RATIONALE: There is a massive amount of transcriptomic data coming from microarrays and RNA-seq experiments, accumulated since the development of these technologies. Analyzing this data and integrate it to study a complex disease can be an overwhelming task, principally because it would require combining data from different technologies and platforms. Moreover, the lack of uniformity on experimental annotations in public databases such as Gene Expression Omnibus (GEO) adds to the challenge.
By integrating transcriptomic datasets from different sources and their curated annotations, we developed an online web resource to facilitate the exploration of gene expression profiles of two respiratory diseases: Idiopathic Pulmonary Fibrosis (IPF) and Chronic Obstructive Pulmonary Disease (COPD). This resource can be used to identify differentially expressed genes that replicate in different experiments. This project sets the foundation to integrate transcriptomics data of other respiratory diseases and smoker phenotypes facilitating the identification of common and divergent pathways that lead to a pathological state.

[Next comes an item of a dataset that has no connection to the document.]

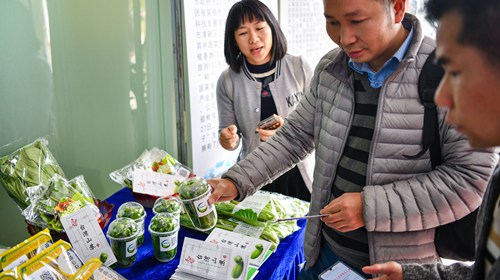 粤港澳大湾区“菜篮子”全国共享 8个配送中心开业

METHODS: To build the compendium we used COMMAND (Engelen K. et al, 2011), a software that allows the comparison and integration of transcriptomics data from different sources and platforms into a compendium. COMMAND has successfully been used to build transcriptome data compendia in bacteria (Engelen K. et al., 2011) and grapevine (Moretto M. et al., 2016). Using COMMAND we created PulmonDB, a human lung database that allows us to integrate, analyze and explore gene expression data from different sources by contrasting controls and patients using available clinical phenotypes (i.e. age, gender, the status of the disease, FEV1, etc.). We selected transcriptome experiments for IPF and COPD by querying in GEO and ArrayExpress with chosen keywords. Each experiment was downloaded, imported to COMMAND and the experimental conditions were annotated, the contrast group was selected, and data was normalized homogeneously to create PulmonDB.
RESULTS: PulmonDB is an exploratory web interface that contains IPF and COPD gene expression data; the platform will be expanded to include other abnormal lung phenotypes. This resource facilitates the exploration of gene expression profiles under different pathological conditions and allows the identification of co-expression patterns.
CONCLUSIONS: PulmonDB can help the scientific community to study which genes have a distinct expression profile related with a disease, explore the reproducibility across technologies and platforms, identify interesting co-expression patterns across diseases and to find relationships among distinct clinical or experimental variables.